Add after HOTP method, different user is differentiated and creates an instance X, instance Y, this 2 examples on platformInitial state is all based on the mirror image remake, and original state is consistent.Instance X, the initial COUNT of instance Y is for exampleIt is that COUNT5 can be in the service in first pass HOTP deactivation examples.
User's open and close example of instance X is multiple, and the COUNT of instance X and authentication server, which is counted, all to be changed to for exampleCOUNT10, and instance Y user was not turned off, example counts or COUNT5;When next time the user of instance Y closes exampleWhen being again started up service, instance Y is verified by COUNT5 and authentication server COUNT10, can not be by.NamelyWith the continuation used, differentiation can become larger, while authentication server remains the final running status of example.
When having a new user to create example Z again on platform, the COUNT5 also in initial conditions come is created that,It can not equally use.
(This case also has similar situation to be solved also by HOTP modes, and part cloud platform business is because allow user to make by oneselfMirror image is simultaneously exported, and homemade example mirror image is exported to other environment and is continuing with by user).

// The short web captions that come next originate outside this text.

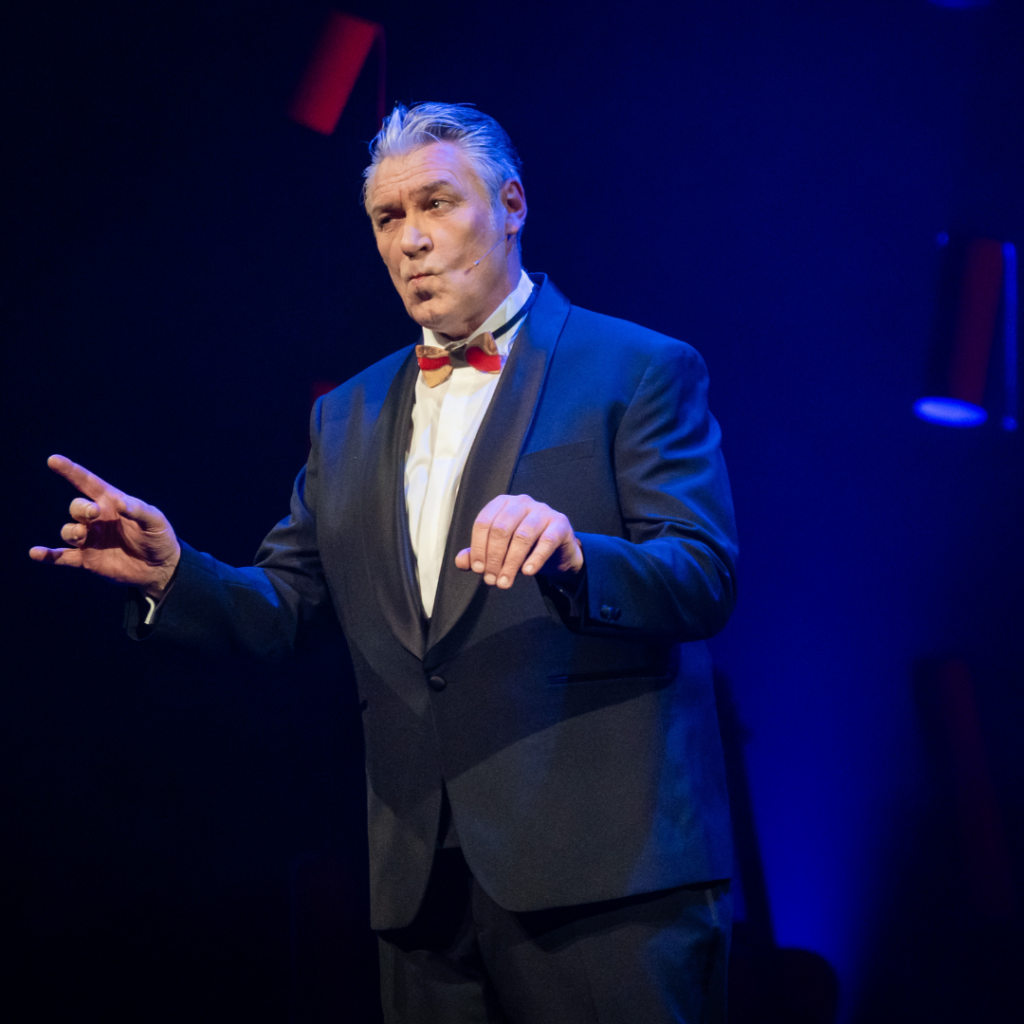 Sjaak Bral in het theater.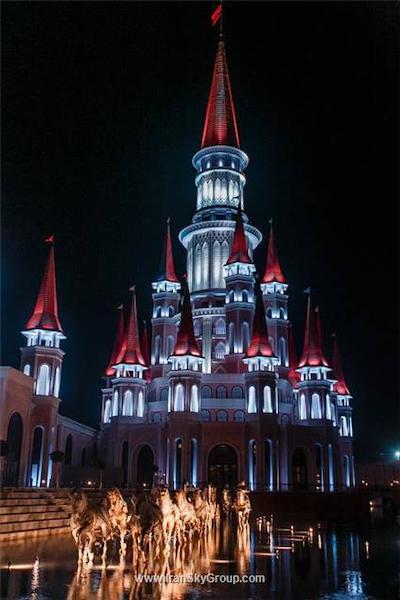 لندآف لجند کینگدام هتل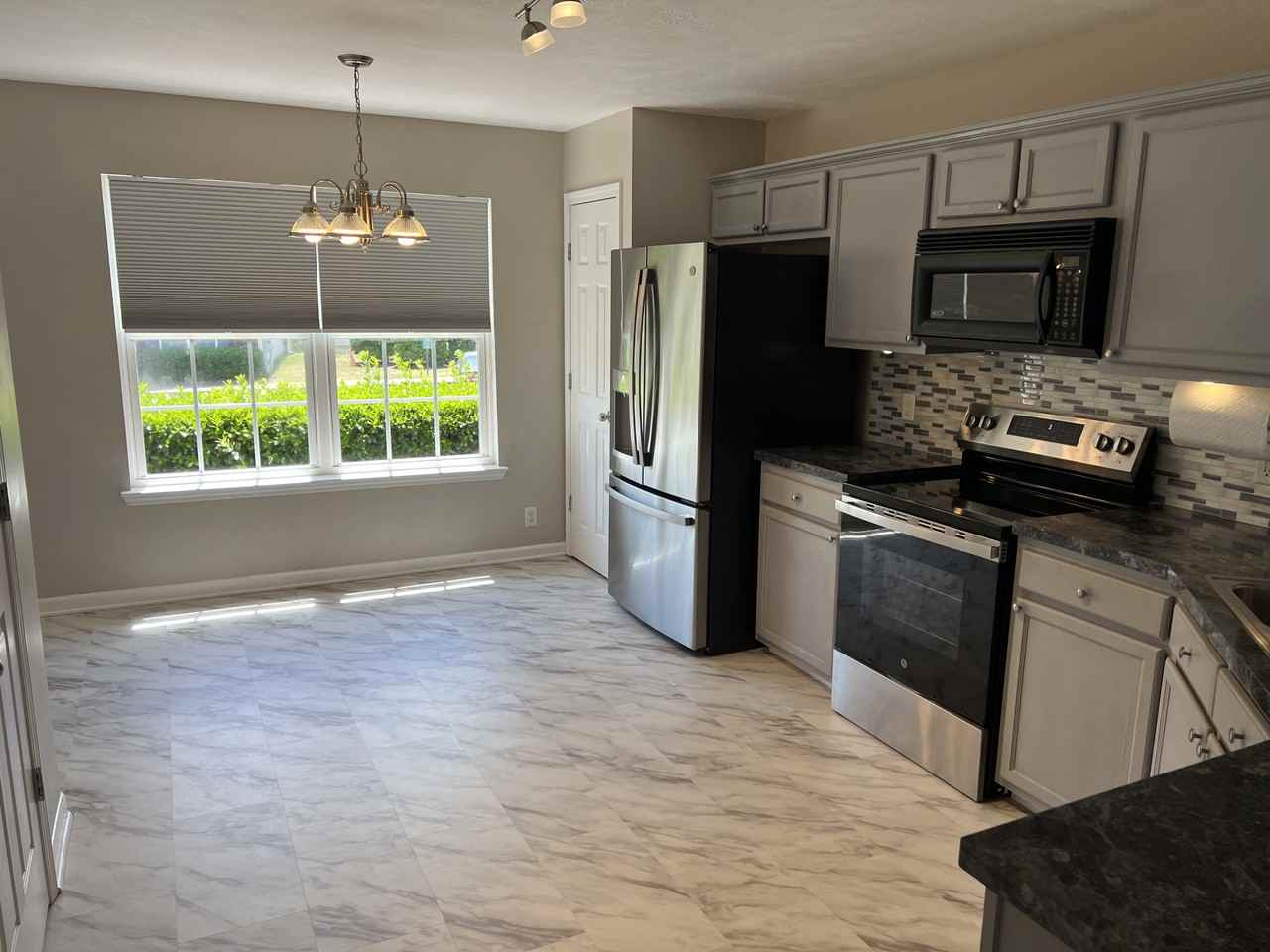 122 Wolverine Ct - Photo 3 of 21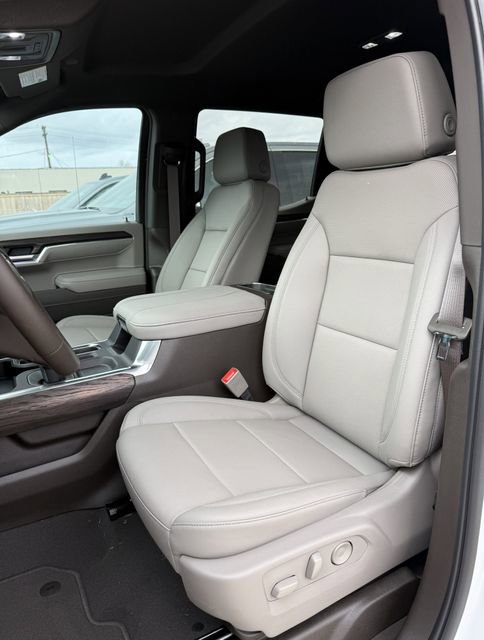 2026 GMC Sierra 1500 SLT - Photo 9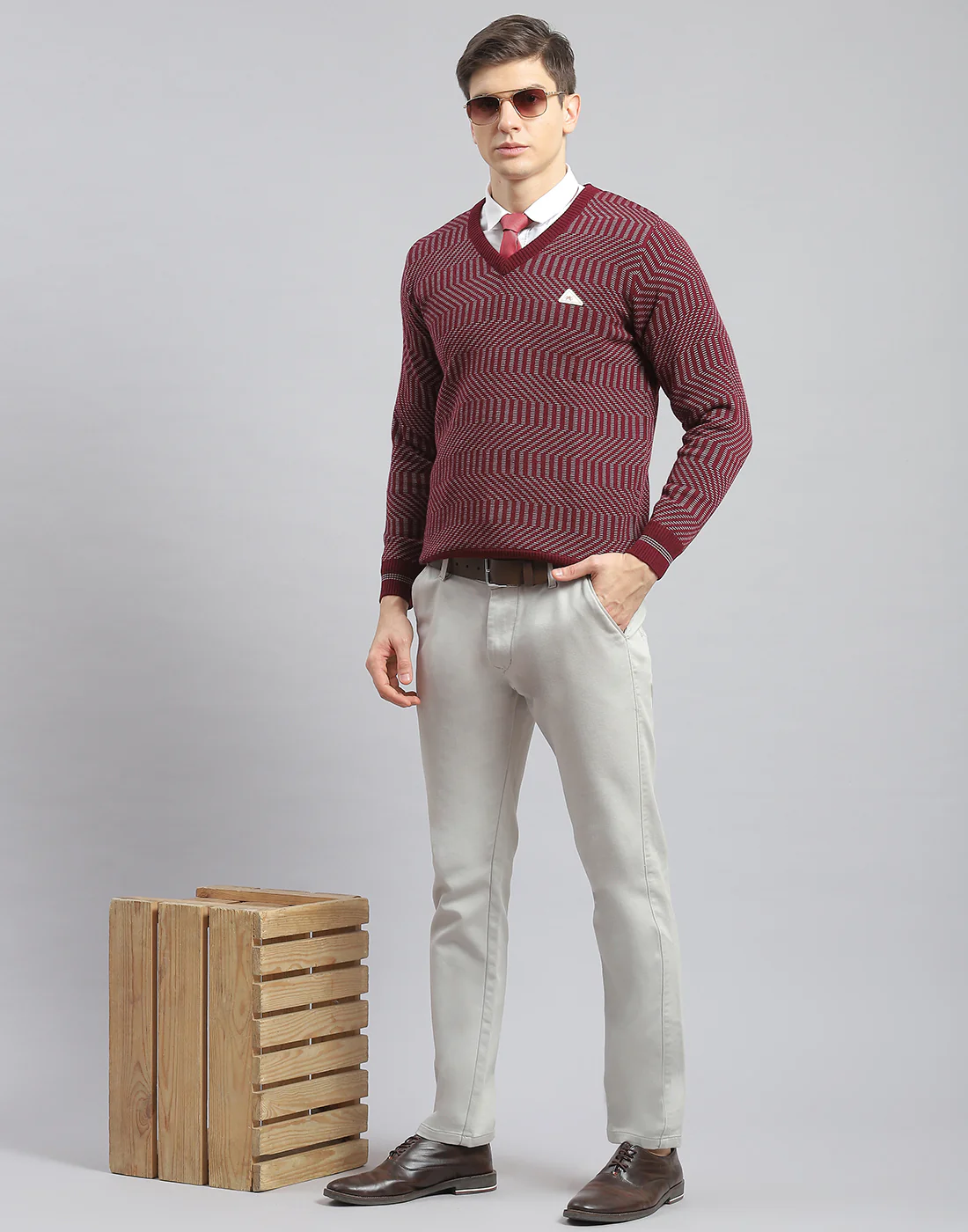Men Maroon Self Design V Neck Full Sleeve Pullover - Image 2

The other parts of the present embodiment are same as the previously described embodiments, therefore repeat no more.
Embodiment 5:
Software vendors XX companies issue foundation image fort machine V1.0 give cloud platform business C companies, and mirror image includes the license of acquiescence(ForUser-friendly and platform charging, user import feature need not permit again).
When disbursement and sattlement is carried out with software vendors XX companies, cloud platform business C companies reduce real for cloud platform business C companiesBorder sales volume.Before HOTP method is not added, software vendors XX companies can not know the behavior of this infringement interests, especiallyBe network it is completely isolated in the case of.
In the case of HOTP method, software vendors XX companies can according to corresponding to cloud platform business C companies activation amount,Activationary time carrys out metrology platform sales situation, and foundation, the credible base as cooperation are provided to disbursement and sattlement.
The other parts of the present embodiment are same as the previously described embodiments, therefore repeat no more.
It is described above, be only presently preferred embodiments of the present invention, any formal limitation not done to the present invention, it is every according toAny simply modification, the equivalent variations made according to the technical spirit of the present invention to above example, each fall within the protection of the present inventionWithin the scope of.